28Les réticences ne sont pas propres au catholicisme mais se rencontrent également dans le protestantisme français. Roger Mehl, introducteur de la sociologie à la faculté de théologie protestante de Strasbourg et fondateur du Centre de sociologie du protestantisme, le reconnaît dans son Traité de sociologie du protestantisme31. La critique barthienne semble avoir joué comme dans le cas de la psychologie. Au langage catholique de la mission, Mehl substitue celui bultmanien du kérygme : la sociologie est au service du kérygme. Comme le montre bien Roland Campiche, les années 1960 sont l’occasion d’une ouverture du protestantisme français à la sociologie sous l’effet de la sécularisation croissante de la société32. Les relations avec la sociologie académique y apparaissent plus apaisées. Le tropisme strasbourgeois n’y est sans doute pas étranger. Il est ainsi remarquable que les Archives de Sciences Sociales des Religions publient les actes du Colloque européen de sociologie du protestantisme, co-organisé par la faculté de théologie protestante et le Centre de recherches d’histoire des religions de l’Université de Strasbourg en 195933.

  • 34 Loretta M. Morris, « Secular Transcendence. From ACSS to ASR », Sociological Analysis, n° 4, 1989, (...)

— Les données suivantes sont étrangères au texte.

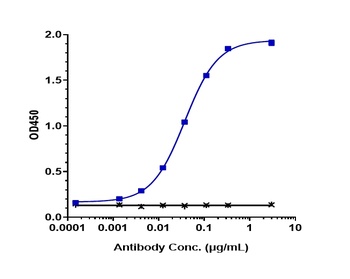 Anti-AXL / UFO Reference Antibody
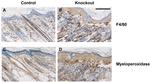 F4/80 Antibody in Immunohistochemistry (IHC)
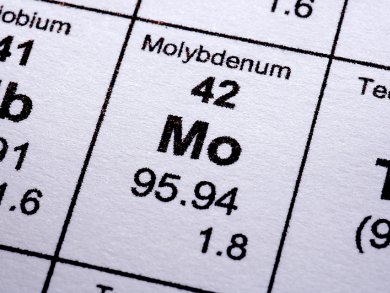 Molybdenum Catalysts for Fuel Cells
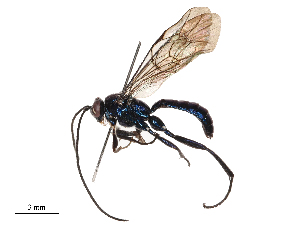  ( - CBG-B01663-B03)  @11 [ ] CreativeCommons - Attribution Share - Alike (2025) CBG Photography Group Centre for Biodiversity Genomics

29Au tournant des années 1970, se dessine un mouvement de déconfessionnalisation de la sociologie du fait religieux, contribuant non pas tant à un déclin de la sociologie pastorale (qui est plus tardif), mais à sa marginalisation de la scène scientifique. La transformation de l’American Catholic Sociological Review en Sociological Analysis, en 1964, en constitue un premier indice34. Dans la première moitié des années 1970, la plupart des associations se déconfessionnalisent. L’ACSS lance le mouvement en 1970, suivie, l’année suivante, par le CISR. La psychologie pastorale connaît une évolution analogue. En 1972, l’Association catholique internationale d’études médico-psychologiques devient l’Association internationale d’études médico-psychologiques et religieuses. Trois ans plus tard, c’est au tour de l’ex-American Catholic Psychological Association de devenir la Division 36 – Division on the Psychology of Religion – de l’American Psychological Association. Cette évolution tient tant à l’avènement d’une nouvelle génération de spécialistes, laïcs ayant une formation universitaire, qu’à une sensibilité croissante à l’œcuménisme et à un souci d’une plus grande rigueur scientifique.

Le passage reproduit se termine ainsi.